• [Records]:
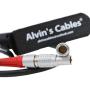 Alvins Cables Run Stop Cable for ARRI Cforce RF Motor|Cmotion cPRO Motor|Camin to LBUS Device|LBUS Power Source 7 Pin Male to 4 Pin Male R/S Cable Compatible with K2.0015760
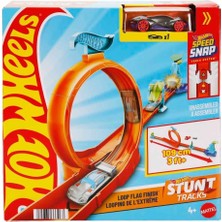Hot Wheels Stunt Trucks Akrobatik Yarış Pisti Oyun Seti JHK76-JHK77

* * *

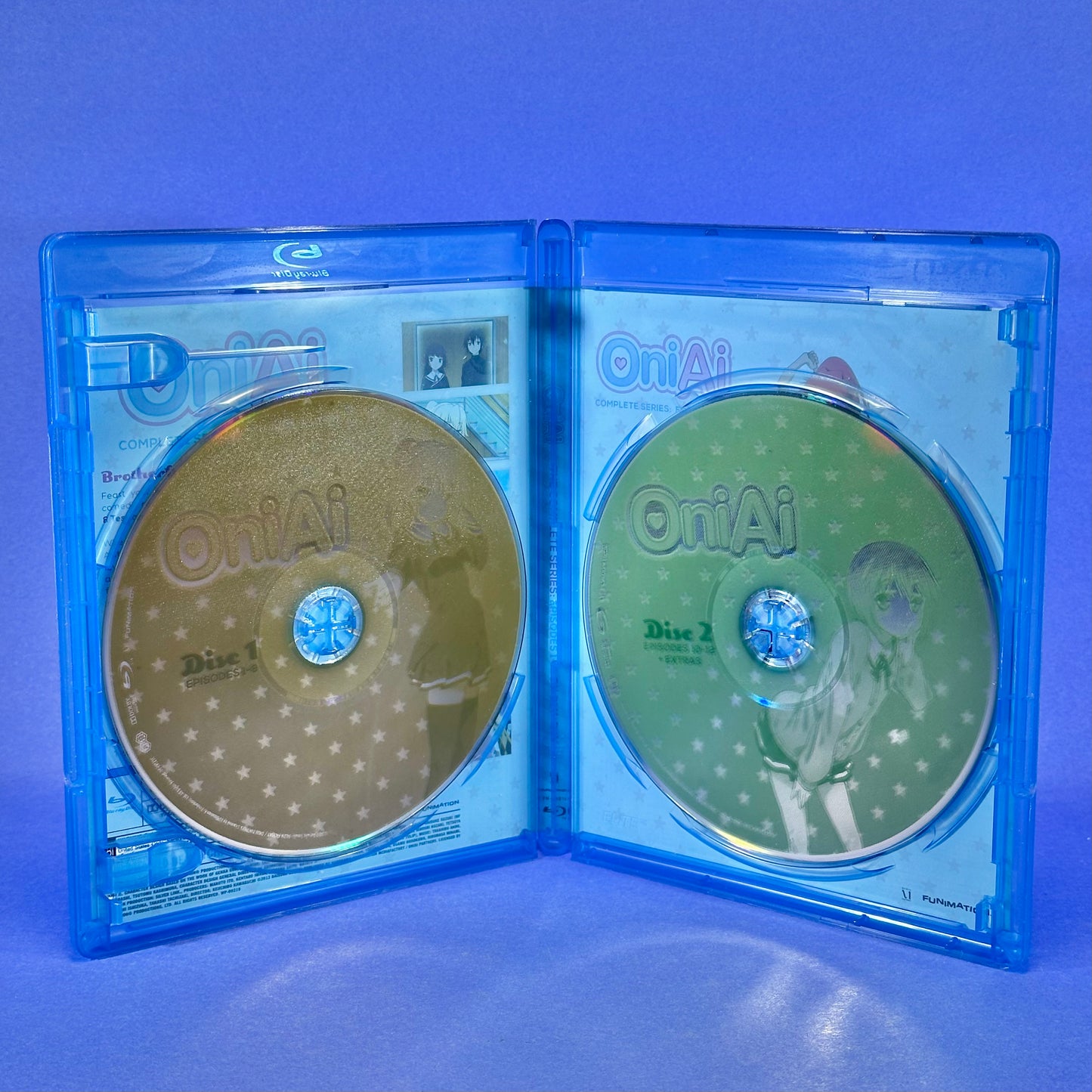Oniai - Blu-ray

==

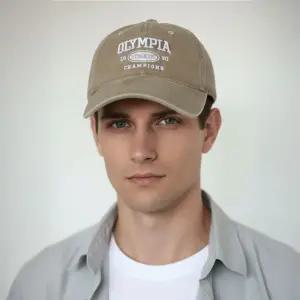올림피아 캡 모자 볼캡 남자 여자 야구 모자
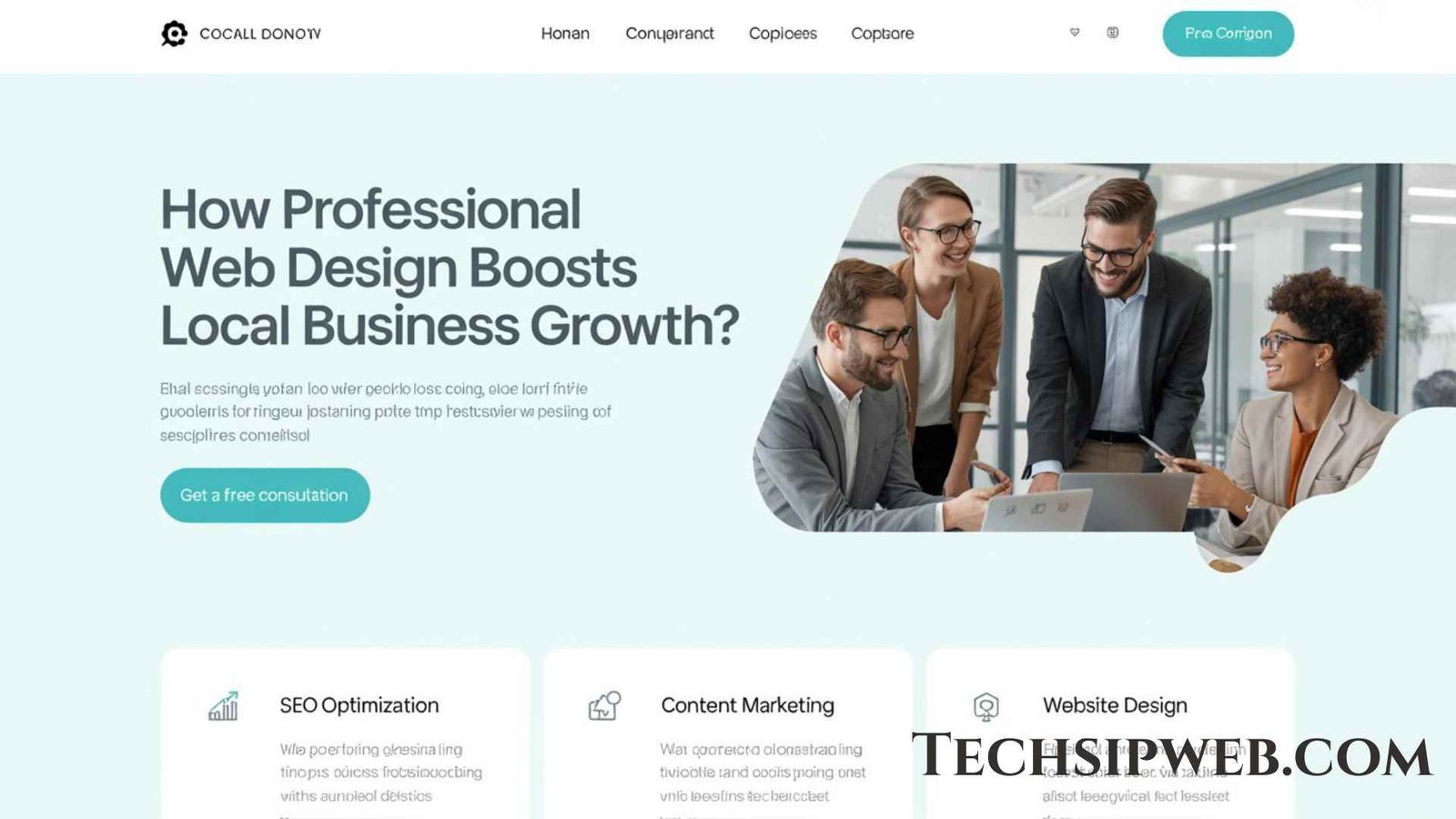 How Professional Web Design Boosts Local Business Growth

• [What needs to be done]: In the entries above, find the line containing "Alvins Cables Run" and the line containing "Hot Wheels Stunt", then copy both and every line between them exactly, without any picture.

• [Written answer]:
 Alvins Cables Run Stop Cable for ARRI Cforce RF Motor|Cmotion cPRO Motor|Camin to LBUS Device|LBUS Power Source 7 Pin Male to 4 Pin Male R/S Cable Compatible with K2.0015760
Hot Wheels Stunt Trucks Akrobatik Yarış Pisti Oyun Seti JHK76-JHK77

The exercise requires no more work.